There are many flooring options out there, but nothing beats the warmth and charm of a wooden floor. If you are thinking about laying one, but are put off by the potential wear and tear and high maintenance, then consider using engineered wood flooring. Once installed, it can be almost indistinguishable from solid wood flooring.
How much does engineered wood flooring cost?
Compared to other wood effect flooring, particularly laminate, engineered wood can seem expensive. Most engineered wood products do come with a manufacturer’s guarantee, from 10 years up to a lifetime, which is a reflection of its durability. When this is taken into account, engineered flooring becomes a cost-effective solution. Prices start from £30 per m² and go up £100 per m².
Can engineered wood be laid over underfloor heating?
Most engineered flooring works well with underfloor heating, although it will need to be acclimatised before fixing.
Where can you lay engineered wood flooring?
Engineered wood flooring is suitable for virtually any room. Perfect for high traffic areas, such as hallways and living spaces, some engineered wood floors can also be safely used in places where solid wood boards aren’t recommended, such as basements and bathrooms, which can have higher than normal moisture levels, or rooms prone to high humidity or fluctuations in temperature.
If you are considering an engineered floor in a bathroom, confirm with your supplier that your chosen flooring is appropriate. Some examples aren’t designed for rooms with high moisture, and could become damaged over time.
How is engineered wood flooring made?
Unlike other alternatives to solid wood flooring, engineered wood flooring is usually made entirely of timber. The floorboards are constructed of three or four core layers, usually plywood, which are stacked in a cross-grain configuration and bonded together under heat and pressure for stability and durability. Some options have an environmentally friendly core made from recycled wood fibre. The planks are usually 1cm to 2cm thick, with a top layer of solid wood veneer.
How to lay engineered wood flooring
Many manufacturers recommend professional fitting for a perfect finish, but as most of the ranges now come as a floating floor with a click-lock system, competent DIYers will be able to install it themselves.

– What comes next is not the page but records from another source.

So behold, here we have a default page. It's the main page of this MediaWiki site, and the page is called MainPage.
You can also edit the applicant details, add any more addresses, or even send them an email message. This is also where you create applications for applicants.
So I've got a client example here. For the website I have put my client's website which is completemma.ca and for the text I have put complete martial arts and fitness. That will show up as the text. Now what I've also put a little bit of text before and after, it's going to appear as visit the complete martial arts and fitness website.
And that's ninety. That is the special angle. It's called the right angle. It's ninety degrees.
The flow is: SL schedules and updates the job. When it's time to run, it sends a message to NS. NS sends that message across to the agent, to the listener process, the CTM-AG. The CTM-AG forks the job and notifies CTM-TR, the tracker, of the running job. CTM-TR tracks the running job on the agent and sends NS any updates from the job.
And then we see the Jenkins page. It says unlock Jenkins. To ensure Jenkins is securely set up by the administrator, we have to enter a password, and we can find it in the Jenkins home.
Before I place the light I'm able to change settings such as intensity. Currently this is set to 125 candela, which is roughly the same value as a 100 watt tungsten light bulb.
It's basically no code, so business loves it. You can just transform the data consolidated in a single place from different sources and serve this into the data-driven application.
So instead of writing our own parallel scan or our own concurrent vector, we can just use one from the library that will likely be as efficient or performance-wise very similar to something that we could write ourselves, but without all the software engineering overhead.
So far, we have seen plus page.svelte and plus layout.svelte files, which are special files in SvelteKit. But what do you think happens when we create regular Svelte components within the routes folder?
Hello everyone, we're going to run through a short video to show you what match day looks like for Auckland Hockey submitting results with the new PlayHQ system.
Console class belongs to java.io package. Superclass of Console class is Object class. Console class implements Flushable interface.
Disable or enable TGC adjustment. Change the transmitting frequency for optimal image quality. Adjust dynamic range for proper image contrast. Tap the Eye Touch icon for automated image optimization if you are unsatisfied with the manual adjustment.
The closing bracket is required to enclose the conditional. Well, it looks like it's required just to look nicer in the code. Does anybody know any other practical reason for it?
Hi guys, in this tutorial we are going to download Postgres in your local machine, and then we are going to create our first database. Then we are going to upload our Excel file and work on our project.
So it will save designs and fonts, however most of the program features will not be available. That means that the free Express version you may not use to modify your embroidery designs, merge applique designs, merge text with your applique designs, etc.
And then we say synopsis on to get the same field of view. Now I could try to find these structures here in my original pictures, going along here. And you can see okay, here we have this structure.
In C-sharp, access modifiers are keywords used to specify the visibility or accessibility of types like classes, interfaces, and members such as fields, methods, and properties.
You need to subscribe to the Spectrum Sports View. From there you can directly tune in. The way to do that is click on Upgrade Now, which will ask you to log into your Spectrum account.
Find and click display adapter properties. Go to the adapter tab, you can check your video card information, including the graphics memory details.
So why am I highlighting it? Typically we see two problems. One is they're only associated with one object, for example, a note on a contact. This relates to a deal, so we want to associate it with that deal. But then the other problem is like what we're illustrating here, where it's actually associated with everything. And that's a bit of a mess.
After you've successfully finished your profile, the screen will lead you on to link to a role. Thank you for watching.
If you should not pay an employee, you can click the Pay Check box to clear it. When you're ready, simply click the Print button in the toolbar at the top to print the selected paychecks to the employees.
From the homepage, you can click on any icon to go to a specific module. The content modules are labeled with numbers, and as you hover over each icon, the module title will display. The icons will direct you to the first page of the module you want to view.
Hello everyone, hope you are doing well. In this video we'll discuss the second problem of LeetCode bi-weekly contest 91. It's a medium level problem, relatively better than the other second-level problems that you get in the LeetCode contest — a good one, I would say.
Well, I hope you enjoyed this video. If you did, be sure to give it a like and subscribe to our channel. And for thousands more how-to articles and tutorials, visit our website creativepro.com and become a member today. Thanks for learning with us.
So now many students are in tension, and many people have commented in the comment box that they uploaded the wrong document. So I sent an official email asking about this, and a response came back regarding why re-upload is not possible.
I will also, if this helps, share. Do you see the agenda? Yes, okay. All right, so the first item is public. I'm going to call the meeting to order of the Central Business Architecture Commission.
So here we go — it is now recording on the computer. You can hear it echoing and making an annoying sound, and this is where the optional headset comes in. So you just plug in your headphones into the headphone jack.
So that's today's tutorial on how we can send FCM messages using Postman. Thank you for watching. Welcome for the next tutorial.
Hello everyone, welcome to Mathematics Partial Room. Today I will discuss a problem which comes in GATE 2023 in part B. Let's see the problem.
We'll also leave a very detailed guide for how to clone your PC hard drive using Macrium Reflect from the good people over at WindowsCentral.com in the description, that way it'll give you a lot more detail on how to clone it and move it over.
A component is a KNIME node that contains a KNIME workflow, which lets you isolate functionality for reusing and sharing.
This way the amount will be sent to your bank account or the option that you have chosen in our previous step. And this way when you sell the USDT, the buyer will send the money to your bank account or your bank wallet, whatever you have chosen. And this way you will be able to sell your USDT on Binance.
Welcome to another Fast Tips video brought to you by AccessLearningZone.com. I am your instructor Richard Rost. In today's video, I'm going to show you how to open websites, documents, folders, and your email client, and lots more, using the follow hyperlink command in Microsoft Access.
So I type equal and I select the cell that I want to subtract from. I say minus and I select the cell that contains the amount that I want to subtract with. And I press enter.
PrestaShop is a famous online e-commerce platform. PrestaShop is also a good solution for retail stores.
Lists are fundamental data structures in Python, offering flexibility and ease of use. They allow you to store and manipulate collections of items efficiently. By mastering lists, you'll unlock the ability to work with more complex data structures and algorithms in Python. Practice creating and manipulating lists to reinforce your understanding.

The advantage of this type of flooring is that if you make a mistake, with most systems, you can simply ‘unclick’ the planks and re-lay them.
As with most flooring, it is often the cutting out around door frames, corners and awkward spaces that shows the difference between a professional installation and a floor laid by the homeowner, so consider the professional option if you have invested a lot in the planks.
The choice of underlay is another important factor, as it not only protects the floor but provides thermal and sound insulation. Always use the type recommended by the manufacturer.
Maintaining and cleaning engineered wood flooring
Generally, engineered wood flooring is supplied pre-treated and finished, so there is no need for sanding, oiling or varnishing, and you can walk on it straight away.
Once laid, it should be treated as solid wood flooring and swept regularly or vacuumed using a brush setting. Mop up any spills immediately. Clean engineered wood flooring with a damp mop but don’t saturate the surface or allow it to become too wet, as this can cause damage.
Refer to the manufacturer’s instructions as to whether the boards require regular lacquering or oiling. As with most natural products, sunlight can affect the wood’s colour over time.
To prevent scratches and damage, fit felt pads or castors to items of furniture that might be moved across the floor and bear in mind that heeled shoes will dent wooden flooring. If the boards do become scratched or lightly damaged, all is not lost, as most engineered wood flooring can be sanded a couple of times during its life. It is recommended that you use a professional for this job, though, as the veneered top layers are thin.
Where to find a reputable fitter for engineered wood?
The best route is to get a personal recommendation, but if friends and family can’t help, then most engineered wood flooring retailers will either offer a fitting service or recommend local installers.
Otherwise, use websites such as Check a trade or Rated people for information and comments from other homeowners in the local area. The National Institute of Carpet & Floorlayers can also give you a list of its members near you.